Copy the listing below exactly. Pictures stay out of it.

> [Exercise data]
- - - - - - -
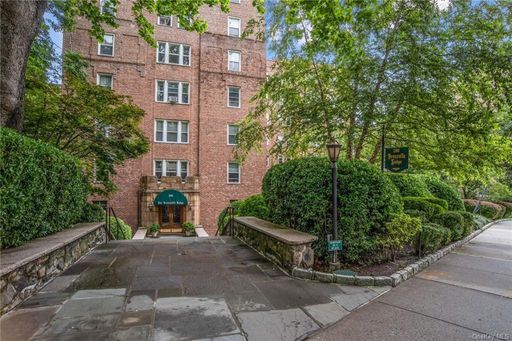 Image 1 of 22 for 280 Bronxville Road #4O in Westchester, Bronxville, NY, 10708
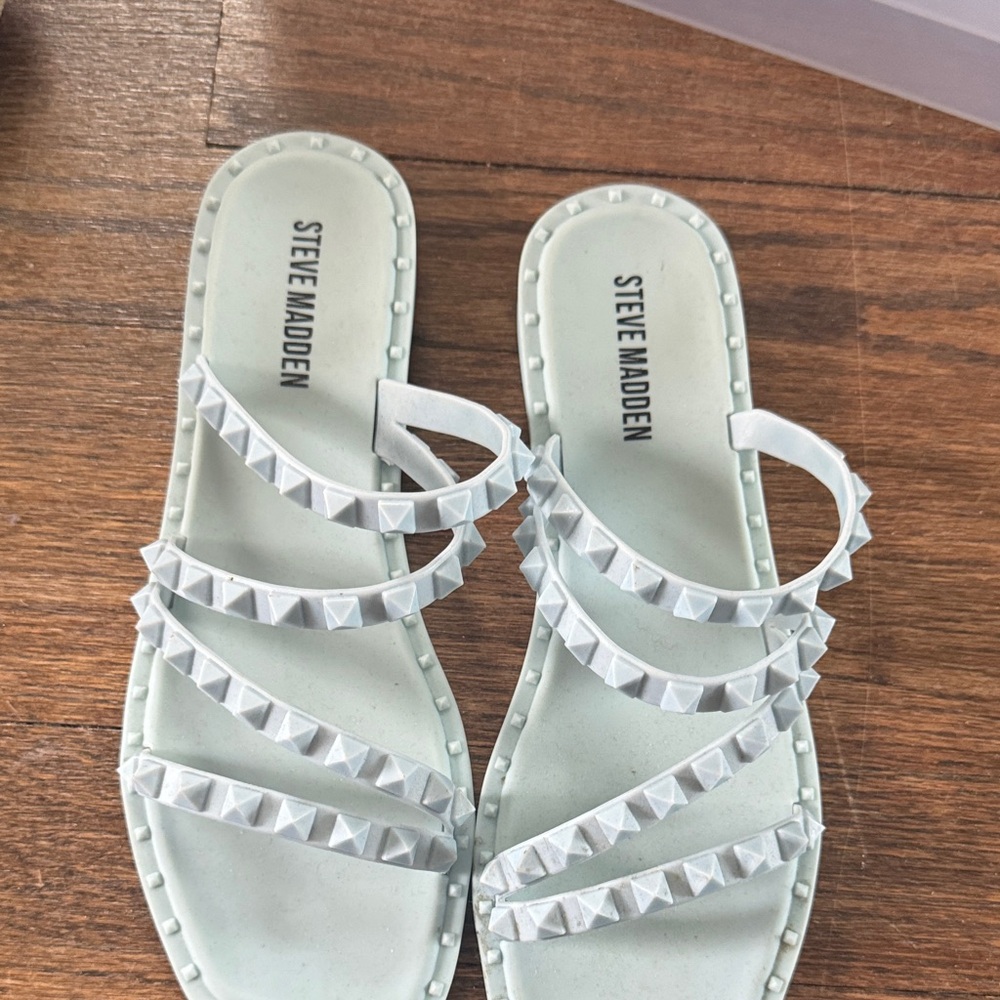 Steve Madden White Pyramid Studded Sandals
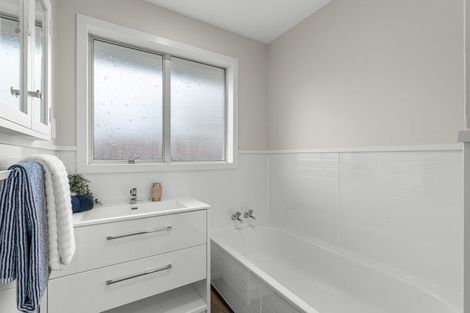 Photo of property in 2/18 Powell Crescent, Ilam, Christchurch, 8041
- - - - - - -
> [Response to this exercise]
 Image 1 of 22 for 280 Bronxville Road #4O in Westchester, Bronxville, NY, 10708
 Steve Madden White Pyramid Studded Sandals
 Photo of property in 2/18 Powell Crescent, Ilam, Christchurch, 8041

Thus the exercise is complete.